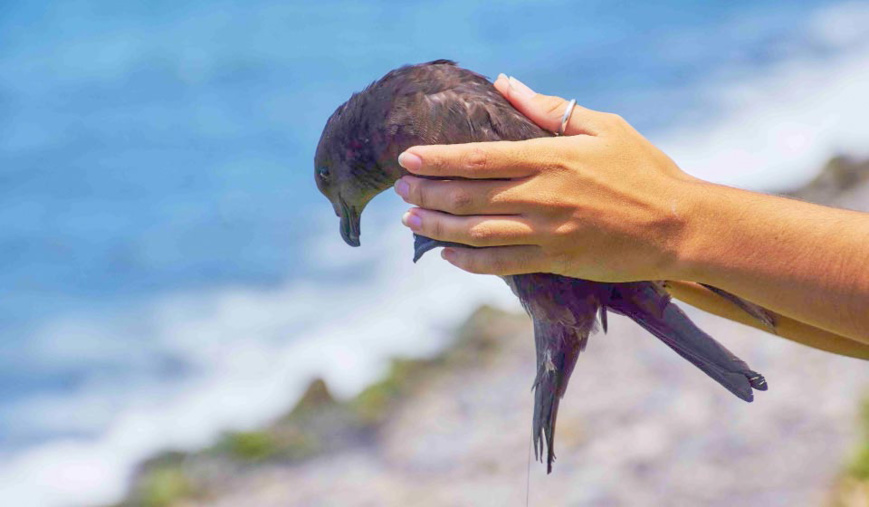 Pétrel noir de bourbon_Parc national de La Réunion - Stéphane Michel Pétrel noir de bourbon_Parc national de La Réunion - Stéphane Michel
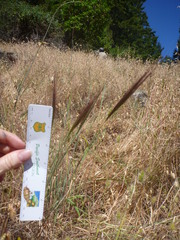 Elymus multisetus
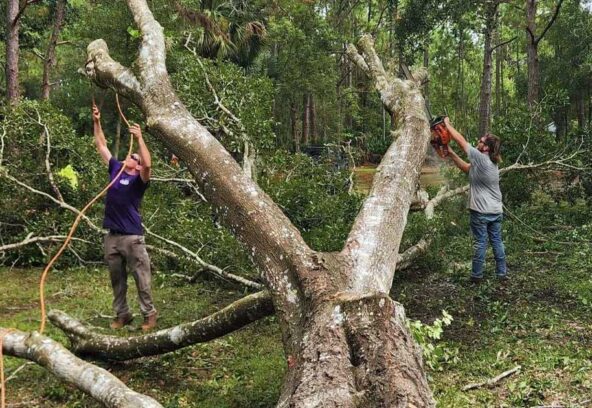 homegrown-outdoors-workers-cleaning-cut-tree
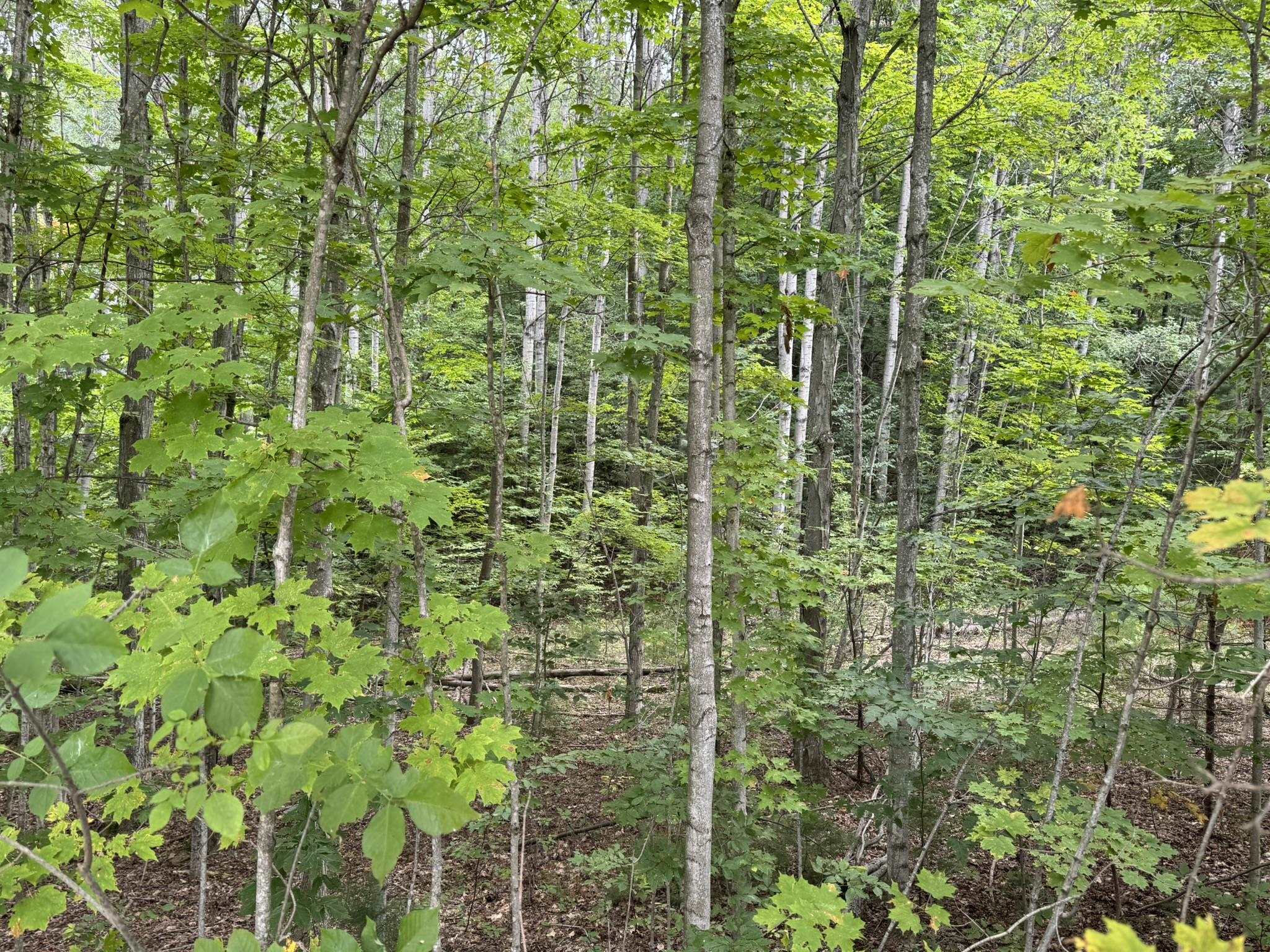 Lot 4 E Old Mountain Road Property Photo 2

•••

Task details: Begin with the line holding "Elymus multisetus" and end with the last line of the listing. Reproduce each of those lines exactly, and leave every picture out.

Answer:
 Elymus multisetus
 homegrown-outdoors-workers-cleaning-cut-tree
 Lot 4 E Old Mountain Road Property Photo 2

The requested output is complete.